At Golden, Carter was in a mollifying mood. He stood in a downpour before a crowd of about 200 people and announced that an extra $100 million in Government research and development funds would be available for solar and other nonfossil-fuel projects in 1979. Said he: "The question is how to cut costs so that solar power will set a cap on rising oil prices." The money would raise total federal spending on solar power next year to more than $500 million.
In Denver, Carter further soothed Colorado voters by announcing a five-year federal program of $675 million in grants and $500 million in loan guarantees to help resource-rich states (like Colorado) deal with the problems of economic growth caused by the energy boom.
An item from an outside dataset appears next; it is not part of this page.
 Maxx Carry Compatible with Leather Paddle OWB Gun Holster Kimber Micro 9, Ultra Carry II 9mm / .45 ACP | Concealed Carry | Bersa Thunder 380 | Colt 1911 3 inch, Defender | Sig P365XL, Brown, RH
Next day, in Los Angeles, the President stopped trying to sound conciliatory and took up the aggressive image that he has been trying to project lately. In a speech before the Los Angeles Bar Association, he returned to a theme that he has sounded from time to time throughout his political career; he sharply criticized the nation's lawyers largely for opposing necessary social changes and ignoring the needs of poor Americans. Said he: "We have the heaviest concentration of lawyers on earth, but I am not sure we have more justice. Ninety percent of our lawyers serve 10% of our people. We must look beyond these comfortable insulations of privilege." Carter's audience reacted coolly to his exhortations, applauding infrequently and perfunctorily. On the dais, California Governor Jerry Brown, a 1980 presidential hopeful, turned his back and talked with another guest as the President finished his address. Only when Carter walked over did Brown spin around and warmly shake his hand.
After the speech, Carter reverted to fence mending--this time in Los Angeles' black community. Support for the President among blacks, which was an important ingredient of his 1976 victory, has sagged severely, with black leaders charging that the President has neglected their constituents. Carter made a handshaking tour of a community service center in the Watts ghetto and reaffirmed his support for black social and economic goals.
Later that day, at a press conference in Portland, Ore., Carter defended himself against suggestions that he might be a political liability for Western Democrats. Said he: "I don't think that I'm a handicap for Democrats. If any of them think so, then their proximity to me is a voluntary matter."
After staying overnight in a private home, Carter emerged feisty once again. Talking to reporters, he extended his critique of lawyers to include doctors. Said he: "I think doctors care very deeply about their patients, but when they organize into the American Medical Association, their responsibility is to the welfare of doctors." He elaborated on this theme at a town-hall meeting in Spokane, Wash., charging that organized medicine is the chief stumbling block to congressional passage of national health insurance.
Carter also dedicated a riverfront park in Spokane. This time the sun beamed down upon him, and 50,000 onlookers gave him the kind of friendly welcome his aides had been hoping for all week.